Tuesday, December 28, 2021

A Small Gripe, Reiterated

I mentioned a misusage back in 2013 in one of my Flips of the Tongue posts, and I've heard or read it a number of times since then. My impression is that it's becoming more common, though I hope not. 

Here's a recent example from a letter to the editor in the Star Tribune

"The persistent pit in my stomach tells me that we have made a terrible mistake."

As Washington State University Professor Paul Brians puts it in this list of errors, compiled in his book  Common Errors in English Usage:

Just as you can love someone from the bottom of your heart, you can also experience a sensation of dread in the pit (bottom) of your stomach. I don’t know whether people who mangle this common expression into “pit in my stomach” envision an ulcer, an irritating peach pit they’ve swallowed or are thinking of the pyloric sphincter; but they’ve got it wrong.

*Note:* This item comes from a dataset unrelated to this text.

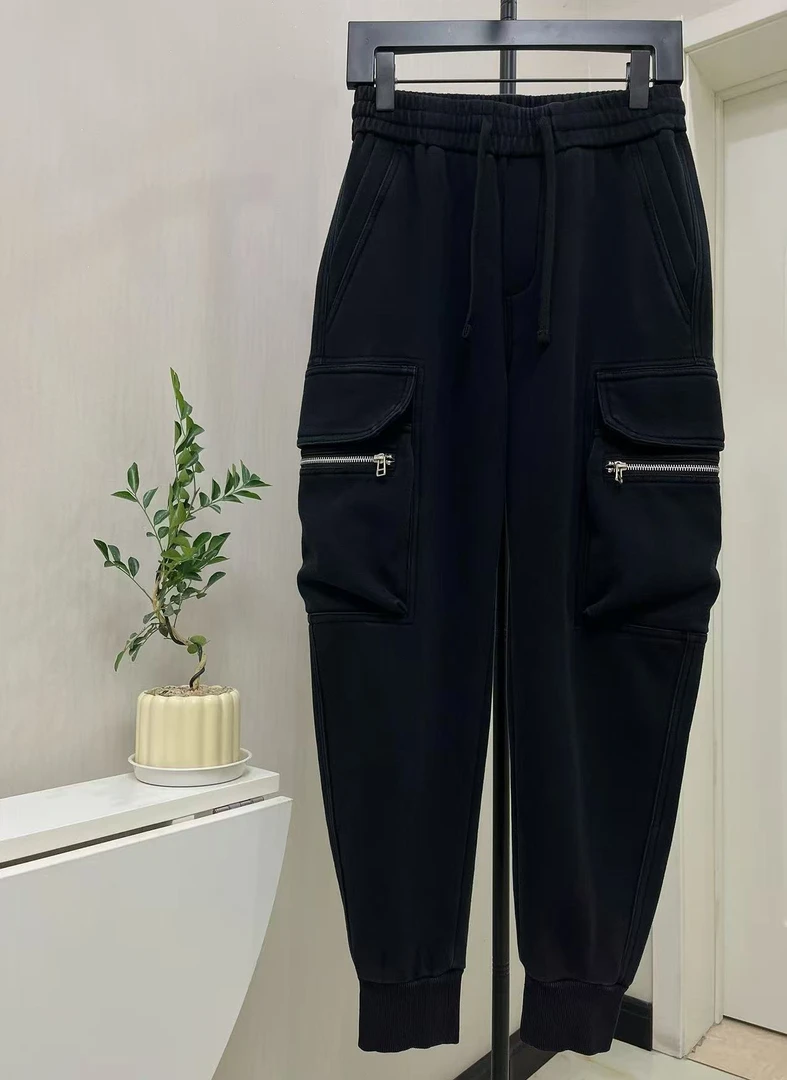 潮范工装休闲裤男冬季黑色加厚潮牌宽松百搭拉链松紧束脚哈伦卫裤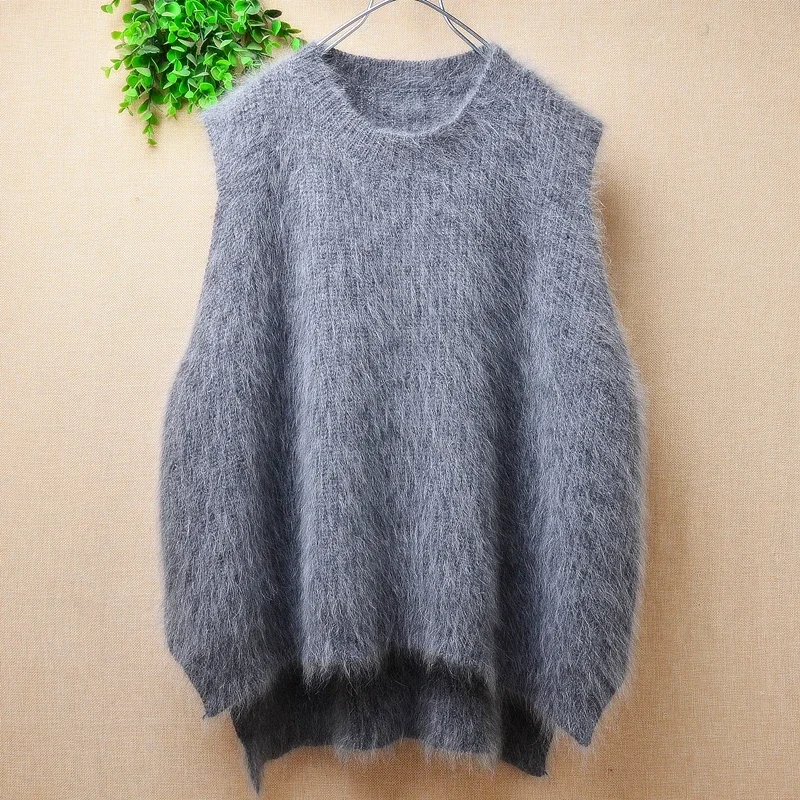 Fashion Ladies Women Spring Autumn Clothing Hairy Angora Rabbit Hair Knitted Sleeveless O-Neck Loose Pullover Sweater Vest Pull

This confusion of "pit of ___ stomach" with "pit in ___ stomach" didn't make it into Brian Garner's Modern American Usage (third edition, 2009), however. Maybe someone with a copy of his fourth edition can tell me if it's in there.

Chris Hayes, I have noted a few times over the years, is one of the misusers of this phrase. Much as I dislike it, that doesn't bother me as much as Rachel Maddow's use (misuse) of "fulsome," which she thinks is interchangeable with "lavish," when describing praise. I guess because it sounds like "full." 

Garner labels uses like Maddow's as Stage 4, meaning it is "virtually universal but is opposed on cogent grounds by a few linguistic stalwarts..." His shorthand for Stage 4 is "Ubiquitous but..."

"Fulsome" is such a great word. I am sorry to see it subside into vague positivity.


Update: Checking the etymology of "fulsome" is an eye-opener. It's derived from the Middle English words for "full" and "some," just as it sounds, and as etymonline puts it, was "Perhaps a case of ironic understatement." The listing goes on:

Sense extended to "plump, well-fed" (mid-14c.), then "arousing disgust" (similar to the feeling of having over-eaten), late 14c. Via the sense of "causing nausea" it came to be used of language, "offensive to taste or good manners" (early 15c.); especially "excessively flattering" (1660s). Since the 1960s, however, it commonly has been used in its original, favorable sense, especially in fulsome praise.

This use since the 1960s reinforces Garner's Stage 4 assessment. I don't remember hearing it until recently, personally, which is probably why I find it so hard on my ear.

1 comment:

Michael Leddy said...

It’s not in the 4th either. Google’s Ngram Viewer shows it rising steadily, but “pit of my stomach” is about 6.6 times as common. There’s something especially odd about a “persistent” pit. A persistent knot, impossible to untie — that makes more sense.

“Pit of my stomach” was at an all-time high in 2018, the most recent year for Ngram results in American English. I wonder if you-know-who had something to do with that.